UN Secretary General Antonio Guterres said Tuesday that migration, which is currently posing serious challenges to political leaders around the world, was “inevitable”.
The topic is being hotly debated across Europe and in the United States. In recent days, migrants have been shunted around the Mediterranean, three European countries have formed an ‘axis’ against clandestine immigration, and the US administration is under fire for separating the children of illegal immigrants from their parents.

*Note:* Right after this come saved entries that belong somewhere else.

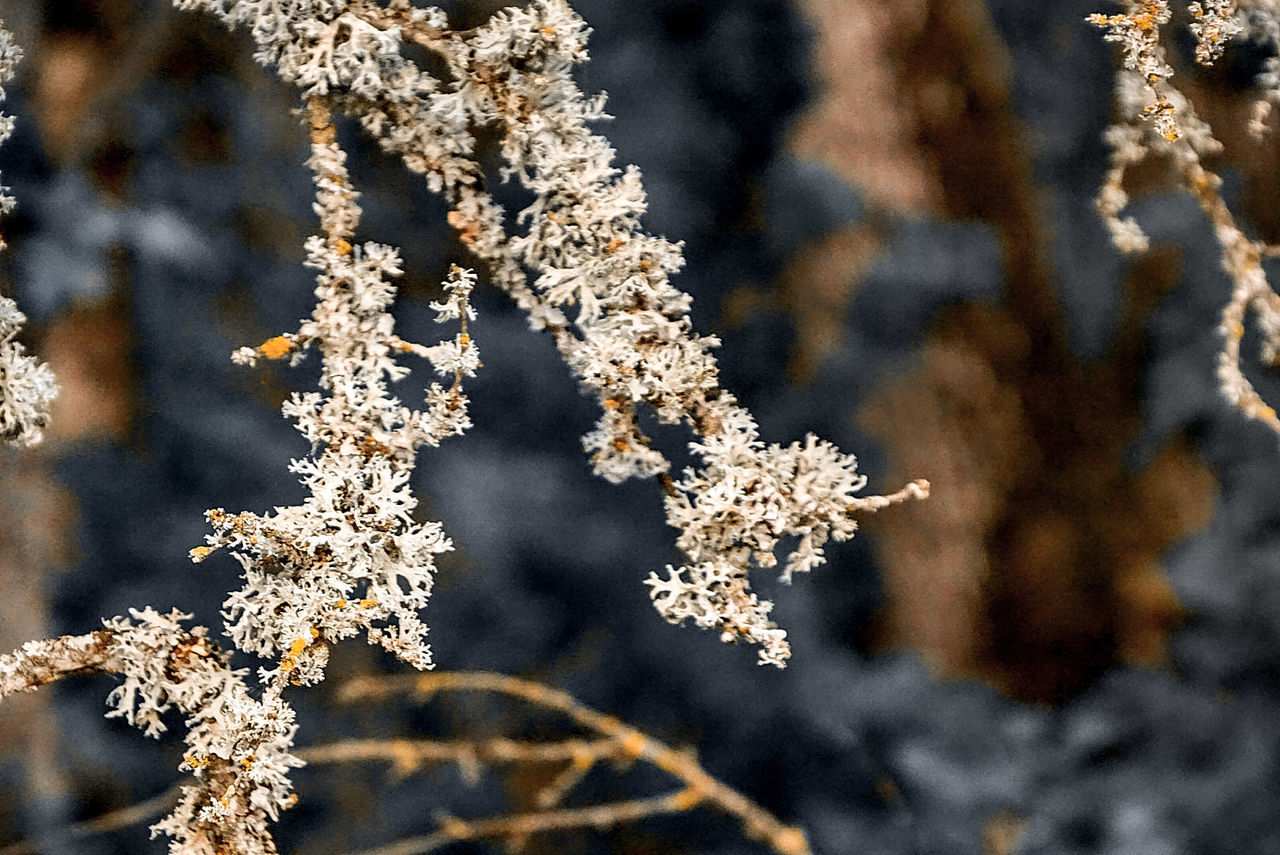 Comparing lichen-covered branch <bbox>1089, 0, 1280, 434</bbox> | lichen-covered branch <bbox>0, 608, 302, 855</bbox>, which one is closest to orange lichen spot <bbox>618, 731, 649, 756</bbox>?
lichen-covered branch <bbox>0, 608, 302, 855</bbox>

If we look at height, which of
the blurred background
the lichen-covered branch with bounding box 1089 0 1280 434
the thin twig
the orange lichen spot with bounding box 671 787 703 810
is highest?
the lichen-covered branch with bounding box 1089 0 1280 434

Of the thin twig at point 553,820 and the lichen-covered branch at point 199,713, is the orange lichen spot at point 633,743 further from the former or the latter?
the lichen-covered branch at point 199,713

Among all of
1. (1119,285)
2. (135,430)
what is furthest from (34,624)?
(1119,285)

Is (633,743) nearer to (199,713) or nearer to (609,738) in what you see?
(609,738)

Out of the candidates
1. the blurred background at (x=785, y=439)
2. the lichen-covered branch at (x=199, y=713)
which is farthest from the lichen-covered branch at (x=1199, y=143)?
the lichen-covered branch at (x=199, y=713)

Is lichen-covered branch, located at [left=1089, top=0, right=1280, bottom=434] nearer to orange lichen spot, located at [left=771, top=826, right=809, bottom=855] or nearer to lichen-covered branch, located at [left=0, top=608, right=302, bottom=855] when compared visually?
orange lichen spot, located at [left=771, top=826, right=809, bottom=855]

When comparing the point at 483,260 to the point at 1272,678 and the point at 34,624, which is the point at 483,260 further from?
the point at 1272,678

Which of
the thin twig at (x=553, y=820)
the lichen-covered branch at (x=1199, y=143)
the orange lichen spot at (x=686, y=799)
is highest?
the lichen-covered branch at (x=1199, y=143)

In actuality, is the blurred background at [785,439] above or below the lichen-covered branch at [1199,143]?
below

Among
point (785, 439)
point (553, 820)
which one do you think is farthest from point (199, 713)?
point (785, 439) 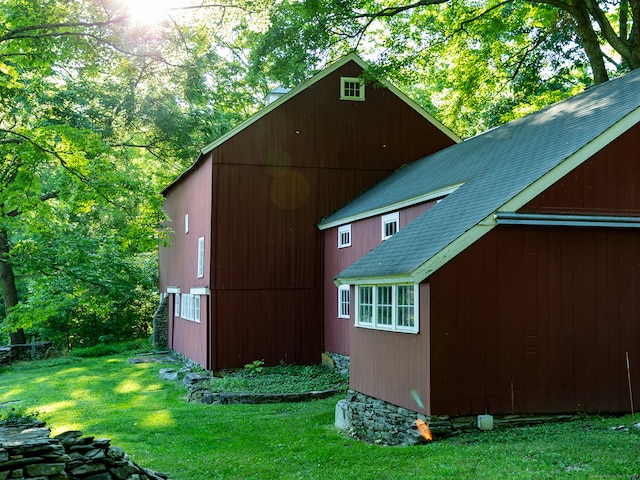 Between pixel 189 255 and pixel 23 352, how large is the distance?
9.62 m

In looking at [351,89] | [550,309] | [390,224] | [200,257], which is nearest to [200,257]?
[200,257]

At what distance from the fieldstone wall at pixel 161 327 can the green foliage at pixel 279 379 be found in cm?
1029

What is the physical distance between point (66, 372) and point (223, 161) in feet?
31.4

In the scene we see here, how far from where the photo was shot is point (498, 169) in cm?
1295

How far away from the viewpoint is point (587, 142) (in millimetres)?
10914

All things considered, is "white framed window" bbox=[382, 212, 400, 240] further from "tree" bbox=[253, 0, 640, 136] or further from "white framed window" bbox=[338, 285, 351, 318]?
"tree" bbox=[253, 0, 640, 136]

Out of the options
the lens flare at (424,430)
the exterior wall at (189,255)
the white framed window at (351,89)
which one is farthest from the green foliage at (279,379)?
the white framed window at (351,89)

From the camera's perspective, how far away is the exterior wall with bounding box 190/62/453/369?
20328mm

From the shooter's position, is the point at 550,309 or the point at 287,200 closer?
the point at 550,309

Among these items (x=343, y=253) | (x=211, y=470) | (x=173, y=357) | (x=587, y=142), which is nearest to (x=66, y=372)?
(x=173, y=357)

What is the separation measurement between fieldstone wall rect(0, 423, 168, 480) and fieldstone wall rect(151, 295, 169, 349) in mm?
20853

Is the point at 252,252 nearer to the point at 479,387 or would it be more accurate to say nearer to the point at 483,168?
the point at 483,168

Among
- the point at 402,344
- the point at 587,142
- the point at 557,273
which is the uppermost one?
the point at 587,142

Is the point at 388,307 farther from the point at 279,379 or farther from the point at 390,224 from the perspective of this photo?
the point at 279,379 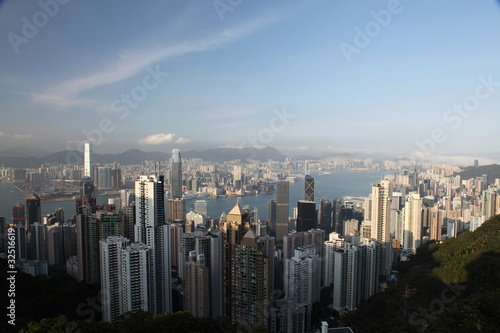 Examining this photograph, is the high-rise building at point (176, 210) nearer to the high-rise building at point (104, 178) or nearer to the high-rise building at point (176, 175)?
the high-rise building at point (176, 175)

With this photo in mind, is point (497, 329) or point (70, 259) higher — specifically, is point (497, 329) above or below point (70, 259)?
above

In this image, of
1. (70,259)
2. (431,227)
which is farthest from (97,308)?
(431,227)

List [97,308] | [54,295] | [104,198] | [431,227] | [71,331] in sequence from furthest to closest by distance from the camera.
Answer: [431,227], [104,198], [97,308], [54,295], [71,331]

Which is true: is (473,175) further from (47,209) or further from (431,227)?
(47,209)

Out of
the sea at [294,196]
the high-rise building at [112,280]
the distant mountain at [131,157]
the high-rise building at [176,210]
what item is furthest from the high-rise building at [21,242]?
the high-rise building at [176,210]

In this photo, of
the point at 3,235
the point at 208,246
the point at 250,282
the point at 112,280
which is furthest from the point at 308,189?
the point at 3,235

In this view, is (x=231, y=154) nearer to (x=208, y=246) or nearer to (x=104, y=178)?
(x=104, y=178)

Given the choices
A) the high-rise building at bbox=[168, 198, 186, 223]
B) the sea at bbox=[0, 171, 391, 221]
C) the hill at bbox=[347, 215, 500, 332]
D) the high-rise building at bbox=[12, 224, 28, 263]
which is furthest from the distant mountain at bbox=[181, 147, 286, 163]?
the hill at bbox=[347, 215, 500, 332] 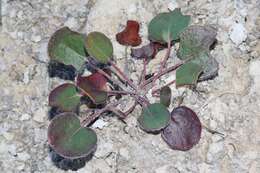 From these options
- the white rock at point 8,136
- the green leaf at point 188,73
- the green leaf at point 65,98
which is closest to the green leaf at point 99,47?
the green leaf at point 65,98

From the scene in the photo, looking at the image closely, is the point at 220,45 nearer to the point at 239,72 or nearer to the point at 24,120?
the point at 239,72

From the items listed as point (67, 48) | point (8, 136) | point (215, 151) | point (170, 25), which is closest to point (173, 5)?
point (170, 25)

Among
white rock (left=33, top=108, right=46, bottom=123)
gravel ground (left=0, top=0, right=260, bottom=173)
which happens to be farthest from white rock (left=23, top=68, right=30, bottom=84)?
white rock (left=33, top=108, right=46, bottom=123)

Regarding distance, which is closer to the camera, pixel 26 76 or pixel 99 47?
pixel 99 47

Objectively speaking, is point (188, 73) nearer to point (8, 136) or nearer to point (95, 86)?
point (95, 86)

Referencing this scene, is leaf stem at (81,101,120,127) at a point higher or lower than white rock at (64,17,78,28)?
lower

Countries have the right to adopt their own immigration policies “provided obviously that they respect the human rights of migrants and that this is done in a way in which international cooperation becomes much more relevant than what has happened until now,” Guterres told reporters in Lorenskog, near Oslo, on the sidelines of an annual forum gathering peace mediators.
“Migration is a phenomenon that is inevitable,” he stressed.
Guterres gave the example of his own 95-year-old mother who, he said, is cared for around-the-clock by migrants in his native Portugal.
“I never met a Portuguese (person) taking care of my mother. It’s always migrants and it is clear for me that migration is a need,” he said.
“And if migration is a need, then it’s better to organise it, it’s better to regulate it, it’s better to make it happen in a way in which countries cooperate with each other and in a way in which there is a win-win situation for everybody, especially for so many migrants that are now in desperate conditions,” he said.
The international community is scheduled to meet in Marrakech on December 10-11 for a conference on migration issues, which is expected to lead to the adoption of a global pact on safe and regulated migration.